* [Task objective]:
Give back the lines below exactly, but do not include any pictures.
● ● ●
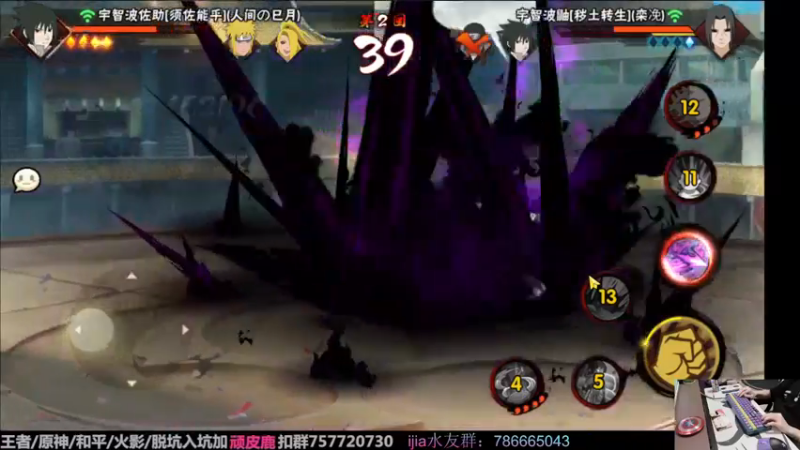 【2022-11-10 22点场】VanGogh浪子：浪子：十一月好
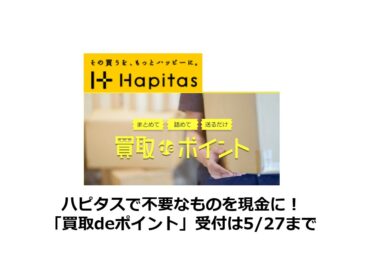おちゃめなハピタス愛のつまった ハピタスクッキーにポイント交換開始 ポイントサイトで美味しいワイン ポイントタウンと楽天市場のブログ おちゃめなハピタス愛のつまった ハピタスクッキーにポイント交換開始 ポイントサイトで美味しいワイン ポイントタウンと楽天市場のブログ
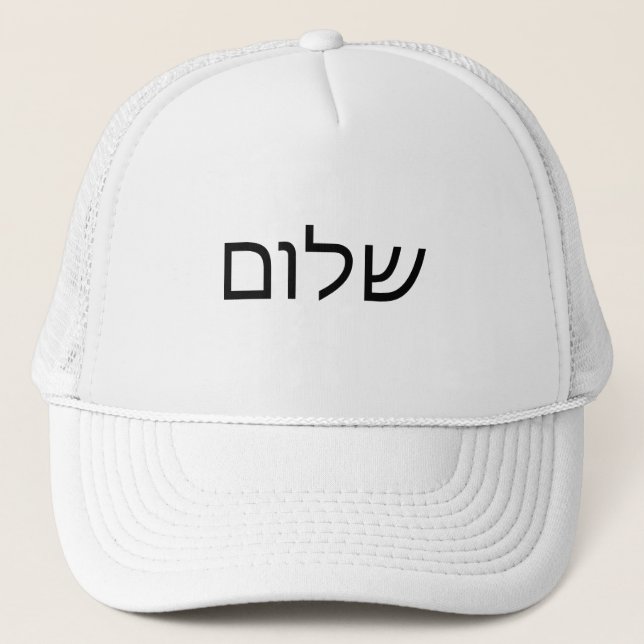 Shalom Hebrew word peace Trucker Hat (Front)
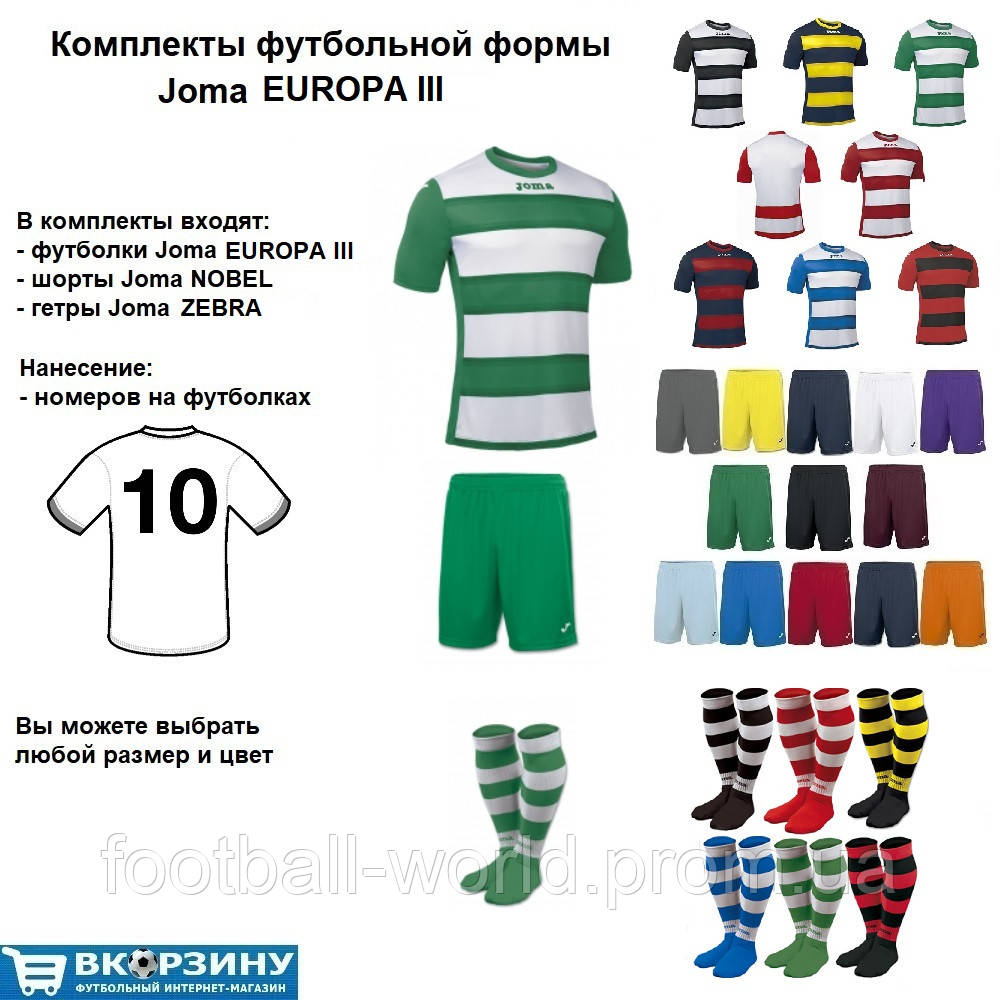 

Комплекты футбольной формы Joma EUROPA III 10 шт. с нанесением номеров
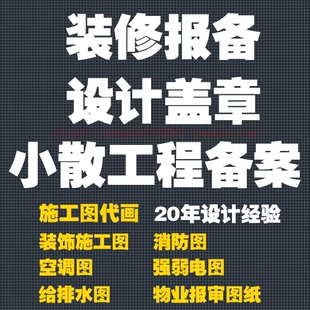 深圳装修施工资质报建设计资质盖章挂靠报备物业报审小散工程备案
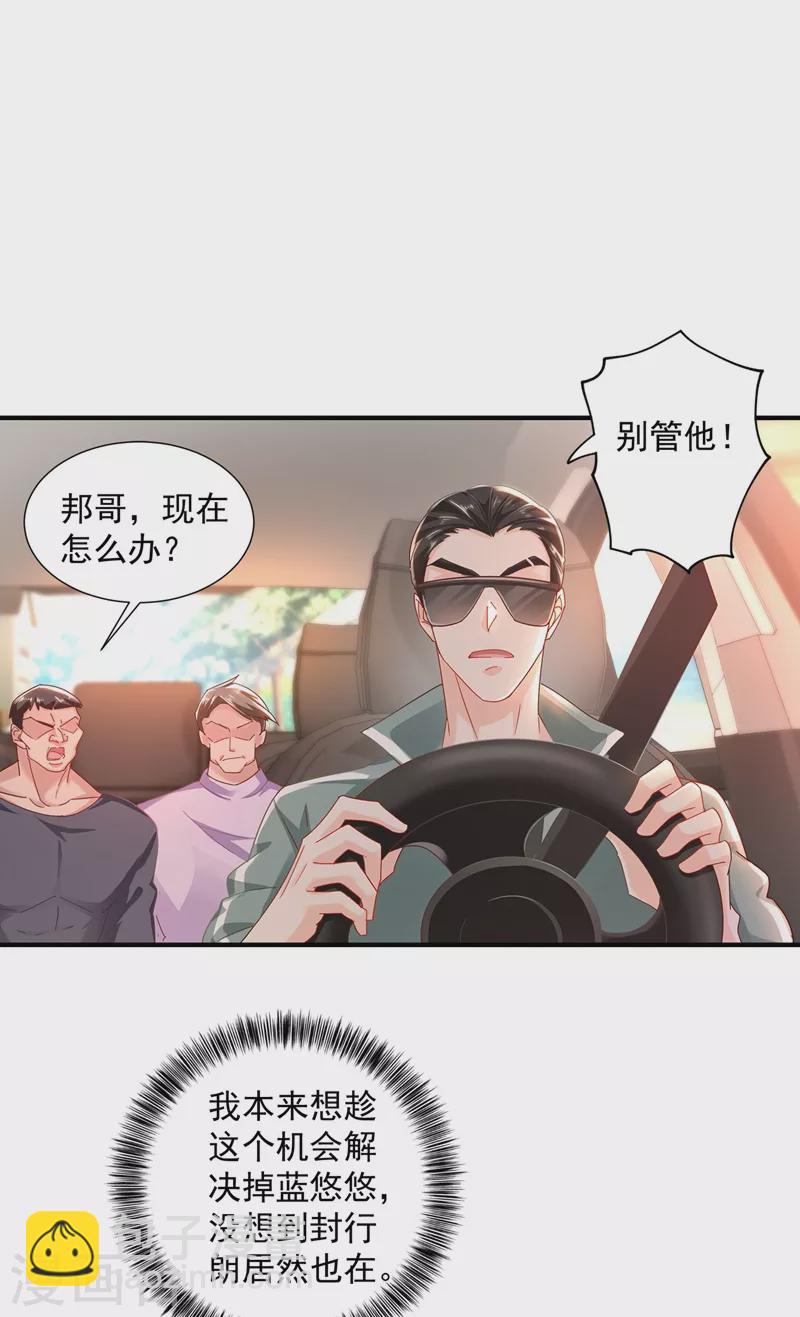 第332话 我来报仇了14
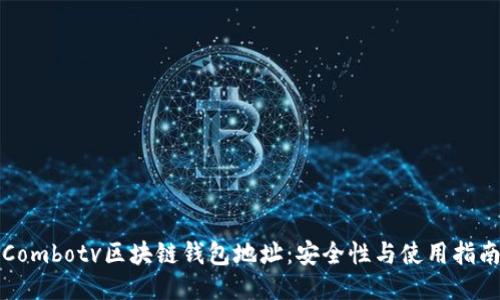 Combotv区块链钱包地址：安全性与使用指南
● ● ●
* [Your response]:
 【2022-11-10 22点场】VanGogh浪子：浪子：十一月好
おちゃめなハピタス愛のつまった ハピタスクッキーにポイント交換開始 ポイントサイトで美味しいワイン ポイントタウンと楽天市場のブログ おちゃめなハピタス愛のつまった ハピタスクッキーにポイント交換開始 ポイントサイトで美味しいワイン ポイントタウンと楽天市場のブログ
 Shalom Hebrew word peace Trucker Hat (Front)

Комплекты футбольной формы Joma EUROPA III 10 шт. с нанесением номеров
 深圳装修施工资质报建设计资质盖章挂靠报备物业报审小散工程备案
 第332话 我来报仇了14
 Combotv区块链钱包地址：安全性与使用指南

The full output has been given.